«Свобода слова — это буржуазный предрассудок,— ответил Ленин,— успокаивающий компресс от социальных язв. В республике рабочих экономическое благосостояние говорит громче, чем слова». Перед диктатурой пролетариата «стоят очень серьезные трудности, самая серьезная — это сопротивление крестьянства. Крестьянам нужны гвозди, соль, текстиль, тракторы, электрификация. Когда мы им это дадим, они будут с нами... При теперешнем состоянии России вся болтовня о свободе только пища для реакции, пытающейся подавить Россию. В этом виновны только бандиты, и их надо держать под замком». Эти слова дали им представление о том, какое будущее ожидает Советскую Россию. Грубо игнорируя хорошо известную любовь анархистов к свободе и ненависть к организации, Ленин предложил Гольдман и Беркману сотрудничать с Коминтерном, работая за рубежом на пользу Советов. Они не могли согласиться на это. Горечь их постепенно накоплялась в течение последовавшего за этим разговором года, но она перелилась через край только после того, как Кремль сосредоточенной военной силой подавил крестьянско-анархистское восстание советских матросов в Кронштадте в 1921 году. Позже слово «Кронштадт» стало синонимом той последней капли, которая переполняет чашу терпения коммуниста или попутчика и заставляет его оставить движение того последнего толчка, который сбрасывает седоков с паровоза мировой революции.
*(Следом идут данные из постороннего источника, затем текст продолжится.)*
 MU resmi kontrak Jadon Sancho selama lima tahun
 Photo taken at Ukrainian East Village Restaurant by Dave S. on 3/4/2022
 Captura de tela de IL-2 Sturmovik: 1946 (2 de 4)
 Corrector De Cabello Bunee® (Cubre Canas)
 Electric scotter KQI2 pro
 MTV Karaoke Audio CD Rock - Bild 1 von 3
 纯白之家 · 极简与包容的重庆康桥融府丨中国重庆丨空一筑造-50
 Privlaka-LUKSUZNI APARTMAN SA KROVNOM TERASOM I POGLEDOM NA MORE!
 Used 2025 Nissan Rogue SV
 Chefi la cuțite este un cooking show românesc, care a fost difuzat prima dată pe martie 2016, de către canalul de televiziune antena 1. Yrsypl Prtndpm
Анжелика Балабанова, приведшая Гольдман и Беркмана к Ленину, испытала свой «Кронштадт» еще до них. Она хорошо знала Ленина, приходила к нему домой, он с ней советовался. Она знала европейское социалистическое движение, особенно итальянское. Однажды, в 1920 году, Ленин пригласил ее к себе в Кремль и спросил, каково ее мнение о ситуации в Италии. Она сказала, что в Италии большой революционный энтузиазм. «Но, товарищ Балабанова,— перебил ее Ленин,— разве вы не знаете, что революционные события в Италии в настоящий момент были бы катастрофой, трагедией? У Италии нет ни зерна, ни угля, ни, вообще, сырьевых материалов... Не сравнивайте русский народ с другими народами. Ни один другой народ не смог бы вынести такие страдания... Нам не нужна вторая Венгрия». Преждевременная революция в маленькой стране не была нужна Ленину.
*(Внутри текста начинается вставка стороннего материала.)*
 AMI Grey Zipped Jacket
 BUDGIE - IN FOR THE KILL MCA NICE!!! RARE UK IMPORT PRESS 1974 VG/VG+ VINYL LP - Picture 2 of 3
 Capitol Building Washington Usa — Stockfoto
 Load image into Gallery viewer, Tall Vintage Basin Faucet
Но этот разговор показал Балабановой «лицемерие большевистской политики и лично Ленина», потому что, в то время как сам Ленин говорил ей об опасностях, связанных с революцией в Италии, Джьячинто Серрати, вождь итальянских революционных социалистов, утверждавший то же самое, попал в немилость в Москве и был объявлен предателем. Кремль заменил его Бомбаччи, которого Ленин назвал и разговоре с Балабановой «безграмотным идиотом», а другой видный большевик — «длиннобородым дураком». Позже, пишет Балабанова, большевики бросили его. Тогда он примкнул к фашистам и позже был повешен на одной виселице с Муссолини152.
Балабанова увидела, что ее окружает цинизм, неискренность, обман, всеобщая нищета, вызванная советским государством. «Я сама видела и испытала на себе,— пишет она,— как ходят в деревне из избы в избу, пытаясь обменять иголку на яйцо». Такое положение было не только результатом мировой и гражданской войн, но и следствием любви Ленина к классовой борьбе.
Поэтому Балабанова заявила в ЦК, что хочет оставить пределы России. Начались проволочки. Она без конца умоляла Ленина ускорить ее отъезд. Наконец, он сказал с раздражением: «Что ж, ладно, если вы предпочитаете Италию России, мы немедленно выполним вашу просьбу».